I've got a csv file where the left most column contains an ID field. Is there a clever way I can use any utility programs such as sed to find any ID's that are used more than once?
+3
A:
If all you want is the IDs, then you can try
cut -d "," -f $NUM | sort -n | uniq -d
where $NUM
is the number of the field containing the ID. The cut
command will extract a list of ids, and the uniq
command will show you only those which are duplicated.
Michael Mior
2010-09-23 23:51:35
Note that you need to `sort` the items before passing them to `uniq`; `uniq` only compares adjacent lines.
Brian Campbell
2010-09-24 00:02:15
Oh, right.

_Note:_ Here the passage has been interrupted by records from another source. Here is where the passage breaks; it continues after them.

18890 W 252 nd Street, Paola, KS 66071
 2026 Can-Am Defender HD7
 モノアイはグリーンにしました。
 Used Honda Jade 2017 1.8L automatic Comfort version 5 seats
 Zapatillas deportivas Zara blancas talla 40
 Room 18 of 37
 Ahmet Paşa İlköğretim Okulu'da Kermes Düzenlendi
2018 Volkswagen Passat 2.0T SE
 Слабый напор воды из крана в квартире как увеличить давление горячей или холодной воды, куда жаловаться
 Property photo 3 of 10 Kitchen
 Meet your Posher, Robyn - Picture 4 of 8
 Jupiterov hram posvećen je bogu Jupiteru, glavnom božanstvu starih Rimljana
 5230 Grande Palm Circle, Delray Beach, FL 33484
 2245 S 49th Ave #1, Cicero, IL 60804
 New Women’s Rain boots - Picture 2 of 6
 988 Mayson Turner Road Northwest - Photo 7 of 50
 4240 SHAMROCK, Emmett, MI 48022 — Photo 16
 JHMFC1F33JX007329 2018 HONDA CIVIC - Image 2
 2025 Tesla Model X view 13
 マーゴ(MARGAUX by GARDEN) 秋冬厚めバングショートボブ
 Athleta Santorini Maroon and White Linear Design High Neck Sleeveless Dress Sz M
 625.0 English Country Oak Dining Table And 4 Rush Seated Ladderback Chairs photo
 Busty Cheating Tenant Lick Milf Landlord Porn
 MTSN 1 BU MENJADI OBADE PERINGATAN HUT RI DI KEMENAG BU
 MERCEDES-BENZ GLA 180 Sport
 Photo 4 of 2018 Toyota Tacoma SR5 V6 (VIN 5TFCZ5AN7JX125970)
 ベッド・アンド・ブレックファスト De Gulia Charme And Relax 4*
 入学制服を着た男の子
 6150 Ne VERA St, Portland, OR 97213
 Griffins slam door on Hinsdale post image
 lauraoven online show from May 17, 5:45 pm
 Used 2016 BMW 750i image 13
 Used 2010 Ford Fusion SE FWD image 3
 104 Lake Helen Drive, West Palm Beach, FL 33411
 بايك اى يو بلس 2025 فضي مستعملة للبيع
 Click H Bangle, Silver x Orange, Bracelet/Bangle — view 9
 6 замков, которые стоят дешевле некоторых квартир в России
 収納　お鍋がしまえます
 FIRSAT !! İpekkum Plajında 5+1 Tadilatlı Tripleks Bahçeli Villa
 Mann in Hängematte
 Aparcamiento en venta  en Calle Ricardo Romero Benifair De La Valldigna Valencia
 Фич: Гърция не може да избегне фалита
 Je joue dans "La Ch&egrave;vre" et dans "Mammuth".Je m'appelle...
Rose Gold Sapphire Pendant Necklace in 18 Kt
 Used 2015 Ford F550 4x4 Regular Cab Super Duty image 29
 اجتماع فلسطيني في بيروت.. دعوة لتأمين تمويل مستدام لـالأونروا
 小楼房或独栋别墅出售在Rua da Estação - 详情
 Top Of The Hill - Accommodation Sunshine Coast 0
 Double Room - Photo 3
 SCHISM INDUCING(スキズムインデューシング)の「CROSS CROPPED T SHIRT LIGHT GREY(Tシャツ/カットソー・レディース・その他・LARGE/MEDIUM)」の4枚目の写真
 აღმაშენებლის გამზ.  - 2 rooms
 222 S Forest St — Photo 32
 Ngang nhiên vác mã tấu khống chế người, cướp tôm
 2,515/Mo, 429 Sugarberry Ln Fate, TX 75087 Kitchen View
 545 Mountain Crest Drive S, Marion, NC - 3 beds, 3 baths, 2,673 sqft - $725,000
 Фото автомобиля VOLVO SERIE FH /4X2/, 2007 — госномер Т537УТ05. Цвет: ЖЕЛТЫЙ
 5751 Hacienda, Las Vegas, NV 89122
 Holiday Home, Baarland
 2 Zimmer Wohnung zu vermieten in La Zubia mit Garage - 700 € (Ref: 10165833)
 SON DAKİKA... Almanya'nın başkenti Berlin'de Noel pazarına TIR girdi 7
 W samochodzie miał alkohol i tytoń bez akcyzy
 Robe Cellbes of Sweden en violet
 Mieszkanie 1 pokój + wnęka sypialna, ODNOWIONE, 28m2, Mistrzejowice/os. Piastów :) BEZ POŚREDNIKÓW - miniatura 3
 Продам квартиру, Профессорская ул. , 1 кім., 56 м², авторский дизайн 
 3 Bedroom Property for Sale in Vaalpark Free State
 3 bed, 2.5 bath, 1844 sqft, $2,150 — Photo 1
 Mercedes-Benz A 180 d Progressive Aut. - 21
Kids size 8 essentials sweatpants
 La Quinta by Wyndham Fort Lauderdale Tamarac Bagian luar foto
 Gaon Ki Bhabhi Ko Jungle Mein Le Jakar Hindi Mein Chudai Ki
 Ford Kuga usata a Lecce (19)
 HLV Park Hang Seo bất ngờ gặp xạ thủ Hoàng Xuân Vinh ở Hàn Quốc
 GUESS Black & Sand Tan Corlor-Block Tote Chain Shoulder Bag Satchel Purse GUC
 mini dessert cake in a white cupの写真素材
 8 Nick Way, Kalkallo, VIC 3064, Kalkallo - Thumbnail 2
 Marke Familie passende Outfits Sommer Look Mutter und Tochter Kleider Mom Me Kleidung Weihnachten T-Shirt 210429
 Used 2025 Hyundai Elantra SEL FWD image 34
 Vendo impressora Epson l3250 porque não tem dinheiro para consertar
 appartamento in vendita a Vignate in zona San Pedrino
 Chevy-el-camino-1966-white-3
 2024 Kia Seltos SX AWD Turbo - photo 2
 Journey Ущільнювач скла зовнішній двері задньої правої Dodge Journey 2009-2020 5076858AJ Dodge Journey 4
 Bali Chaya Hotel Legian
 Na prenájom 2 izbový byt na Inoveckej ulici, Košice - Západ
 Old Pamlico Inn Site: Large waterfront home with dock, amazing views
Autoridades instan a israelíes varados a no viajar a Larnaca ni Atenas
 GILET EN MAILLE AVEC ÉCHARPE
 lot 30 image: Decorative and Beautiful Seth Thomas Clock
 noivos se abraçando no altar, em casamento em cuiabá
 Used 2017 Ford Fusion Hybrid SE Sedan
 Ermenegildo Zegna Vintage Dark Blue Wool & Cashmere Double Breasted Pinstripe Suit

Thanks @Brian. Updated answer.
Michael Mior
2010-09-24 00:07:10
You can add `-c` to `uniq` (or substitute it for `-d`) to get a count of the duplicates.
Dennis Williamson
2010-09-24 02:13:37
Note uniq can't currently operate on a particular field, so I would remove the -f $NUM portion from the cut command, and just add the note that if all you want is the IDs, then you can add that.
pixelbeat
2010-09-24 13:46:53
@pixelbeat I don't understand your comment. I realize `uniq` can't operate on a particular field, which is I why suggested `cut`ting things up first. If you remove the `cut` command, uniq won't look for unique IDs, but whole rows which are unique, which I don't think is what the OP wants.
Michael Mior
2010-09-24 15:52:00